App scan → SSD filesystem → HDD stays asleep

Only these actions wake HDDs:

• Playing a movie

• Importing a completed download

• Verifying file integrity

Idle scans and library refreshes no longer thrash the HDD pool.


Example Layout (Generic Paths)

Datasets

/mnt/ssd_pool/scan/
├── movies
├── series
├── music
└── books

/mnt/hdd_pool/media/
├── movies
├── series
├── music
└── books

Bind Mount Commands

mount --bind /mnt/hdd_pool/media/movies /mnt/ssd_pool/scan/movies
mount --bind /mnt/hdd_pool/media/series /mnt/ssd_pool/scan/series
mount --bind /mnt/hdd_pool/media/music /mnt/ssd_pool/scan/music
mount --bind /mnt/hdd_pool/media/books /mnt/ssd_pool/scan/books

Verify:

mount | grep scan

You should see the HDD paths mounted on the SSD locations.


Container Configuration

Point all media apps only at the SSD paths:

/movies  → /mnt/ssd_pool/scan/movies
/series  → /mnt/ssd_pool/scan/series
/music   → /mnt/ssd_pool/scan/music
/books   → /mnt/ssd_pool/scan/books

Download directories can remain on HDD or SSD as desired.

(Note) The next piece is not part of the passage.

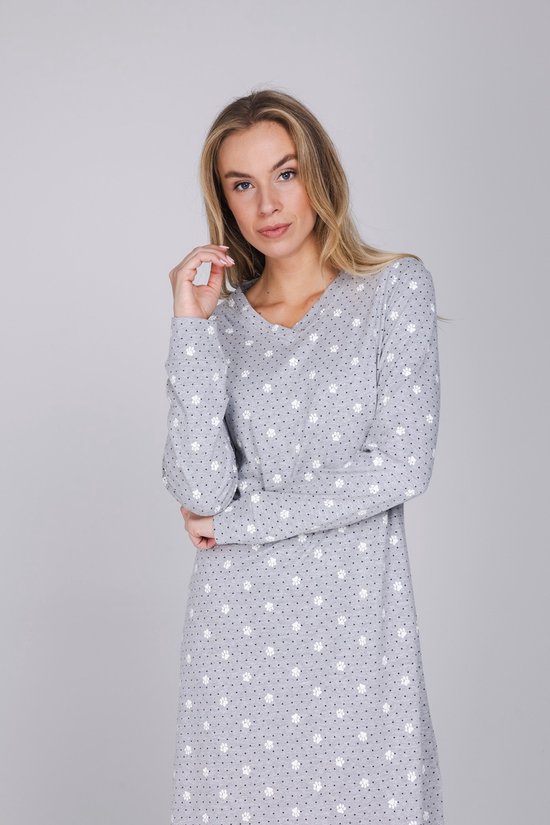 Model draagt een grijs nachthemd met V-hals, voorzien van een patroon van kleine zwarte stippen en witte pootafdrukken.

Plex/Jellyfin libraries should also reference the SSD scan paths.


What to Expect

• First rescan will still spin up HDDs (initial traversal)

• After that, routine scans stay on SSD

• HDD pool can finally enter standby

• Noticeable idle power drop

• No impact on playback or imports

This works alongside ZFS special metadata vdevs; it does not replace them.


Caveats

• Bind mounts are not persistent across reboot unless automated

• Use systemd mount units or init scripts to restore them

• Be careful not to mount over non-empty directories unintentionally


Why This Isn’t Widely Documented

This sits at the intersection of:

• Linux VFS behavior

• ZFS dataset design

• Container bind mounts

Each layer is documented individually, but the combined effect is rarely discussed.


Closing Thought

If your goal is:

• Quiet disks

• Lower idle power

• Less wear on HDDs

• Zero data duplication

This approach is surprisingly effective.

I’d be very interested to hear whether others see similar reductions in HDD spin-ups using this method.

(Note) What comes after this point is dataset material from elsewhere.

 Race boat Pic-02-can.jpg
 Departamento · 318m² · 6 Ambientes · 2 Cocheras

ai helped format and grammar

Is this a feature request or what?

Also, AFAIK truenas won’t spin down HDDs anyway.

Not a feature request. Just documenting an experiment using existing Linux/ZFS behavior on SCALE.

I agree this contradicts the common guidance that “TrueNAS disks don’t spin down,” which is why I tested it directly with power monitoring and zpool iostat.

In my case, when media apps (Plex, *arrs, etc.) were stopped, HDD activity dropped to zero, and system power fell significantly after the configured standby interval, indicating the disks did enter standby. When the apps were restarted, disks immediately spun back up.

The bind-mount approach wasn’t intended as an official recommendation; it was simply a way to reduce frequent metadata access by media managers, so the disks could remain idle long enough to spin down.

I’m sharing it as an observational workaround for others who may want to test similar behavior on their own systems, not as a supported or universal solution.